Bruce Lee —por el buen manejo que tenía con los chacos—, o El señor de los gatitos, como las personas del sector de San Diego lo llaman, saluda a los vecinos que pasan por la calle. Ellos responden a su saludo atentamente. Él sale con su guitarra, entona algunas de las canciones que a diario canta en los buses que transitan por la Av. Mariscal Sucre. Los caminos, de la vida, Si me vas a abandonar, Agüita cristalina, Para adorarte, son algunas de las canciones que conforman su repertorio. Así se gana la vida. Asegura con entusiasmo que no le falta comida, para sus trece hijos ni para él, que come por dos.
Ante un recuerdo, advierto que la cara de Joseph se torna sombría. Con delicadeza pregunto qué recordó. Es su familia. «De ellos no quiero hablar, no hablemos de eso», dijo Joseph, en tono suplicante, mientras sus ojos llenos de lágrimas dejaban ver una profunda tristeza. Fue poco lo que quiso contarme, pero muy concreto su silencio para entender la situación.

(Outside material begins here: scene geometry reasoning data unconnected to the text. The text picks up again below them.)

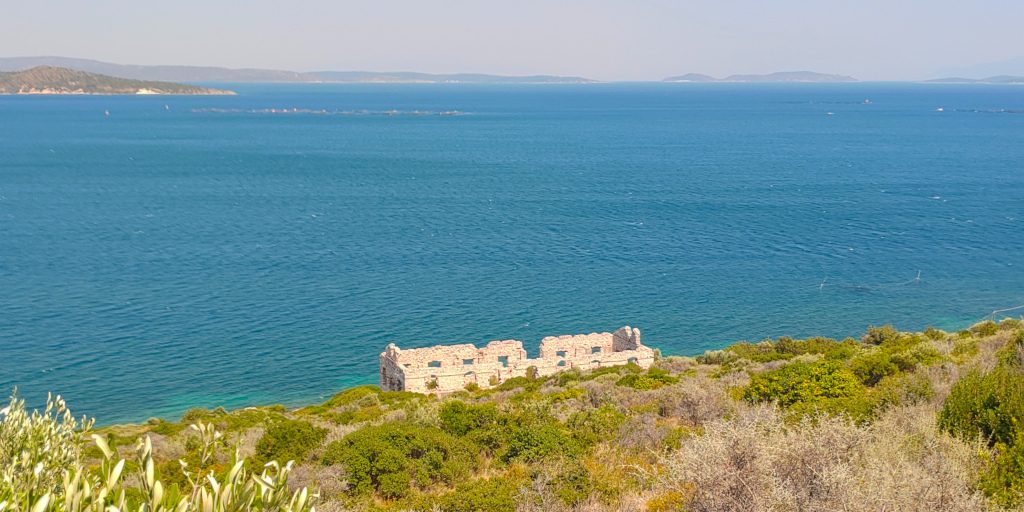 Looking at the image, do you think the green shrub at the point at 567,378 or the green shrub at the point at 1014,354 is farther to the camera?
the green shrub at the point at 567,378

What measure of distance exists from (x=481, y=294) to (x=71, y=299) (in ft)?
76.3

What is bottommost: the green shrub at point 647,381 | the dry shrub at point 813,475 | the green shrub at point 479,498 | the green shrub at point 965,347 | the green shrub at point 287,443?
the green shrub at point 647,381

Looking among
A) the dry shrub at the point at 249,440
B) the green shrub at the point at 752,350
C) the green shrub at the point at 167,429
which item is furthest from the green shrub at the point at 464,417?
the green shrub at the point at 752,350

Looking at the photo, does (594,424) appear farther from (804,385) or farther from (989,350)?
(989,350)

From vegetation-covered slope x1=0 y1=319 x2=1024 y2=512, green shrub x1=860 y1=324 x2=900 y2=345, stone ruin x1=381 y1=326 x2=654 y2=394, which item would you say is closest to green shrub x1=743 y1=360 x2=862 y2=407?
vegetation-covered slope x1=0 y1=319 x2=1024 y2=512

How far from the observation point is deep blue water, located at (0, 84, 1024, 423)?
36.2 meters

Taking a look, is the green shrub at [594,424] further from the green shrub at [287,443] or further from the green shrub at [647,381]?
the green shrub at [287,443]

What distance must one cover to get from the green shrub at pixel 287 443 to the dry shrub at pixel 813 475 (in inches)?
346

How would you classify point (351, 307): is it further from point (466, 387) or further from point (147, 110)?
point (147, 110)

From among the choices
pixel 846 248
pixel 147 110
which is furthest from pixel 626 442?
pixel 147 110

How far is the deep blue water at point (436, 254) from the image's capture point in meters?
36.2

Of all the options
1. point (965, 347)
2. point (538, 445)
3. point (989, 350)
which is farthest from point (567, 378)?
point (989, 350)

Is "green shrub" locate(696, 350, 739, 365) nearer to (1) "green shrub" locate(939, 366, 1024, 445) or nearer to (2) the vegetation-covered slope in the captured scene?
(2) the vegetation-covered slope

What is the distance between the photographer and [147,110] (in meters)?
185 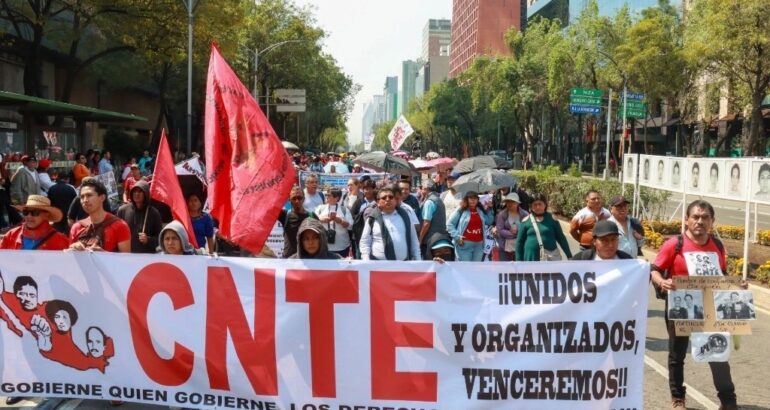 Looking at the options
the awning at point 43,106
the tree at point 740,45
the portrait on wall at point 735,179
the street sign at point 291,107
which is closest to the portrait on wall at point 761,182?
the portrait on wall at point 735,179

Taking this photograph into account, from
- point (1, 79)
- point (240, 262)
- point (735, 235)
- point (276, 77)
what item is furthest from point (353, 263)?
point (276, 77)

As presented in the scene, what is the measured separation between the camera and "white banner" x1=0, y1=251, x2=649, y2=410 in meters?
4.87

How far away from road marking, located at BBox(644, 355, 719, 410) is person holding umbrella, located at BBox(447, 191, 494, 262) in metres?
2.71

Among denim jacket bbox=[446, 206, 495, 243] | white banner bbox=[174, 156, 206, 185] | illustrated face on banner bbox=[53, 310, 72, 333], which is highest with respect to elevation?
white banner bbox=[174, 156, 206, 185]

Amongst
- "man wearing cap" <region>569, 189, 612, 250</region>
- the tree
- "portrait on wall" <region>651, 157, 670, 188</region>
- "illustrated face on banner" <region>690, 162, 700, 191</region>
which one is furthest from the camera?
the tree

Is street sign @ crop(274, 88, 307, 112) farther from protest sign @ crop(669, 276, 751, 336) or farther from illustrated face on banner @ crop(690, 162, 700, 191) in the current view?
protest sign @ crop(669, 276, 751, 336)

Ganas de vivir, alegría, buen sentido del humor, amabilidad, son algunas de las bondades que le sobran a Joseph Ordóñez. Es medio día y el hambre interrumpe la conversación. Me agradece por la visita acompañándome hasta la avenida, estrecha mi mano y sube la empinada pendiente hacia su casa. Mientras lo hace, sus 13 gatos lo reciben. Desde la cima, Joseph levanta la mano efusivamente para despedirse. Es la imagen que ha quedado grabada en mi memoria ahora que ya no está entre nosotros. Siempre le estaré agradecido por una de las más grandes lecciones de vida que pude aprender: el dolor no es, no será nunca más fuerte que los breves instantes de alegría que la vida nos puede ofrecer.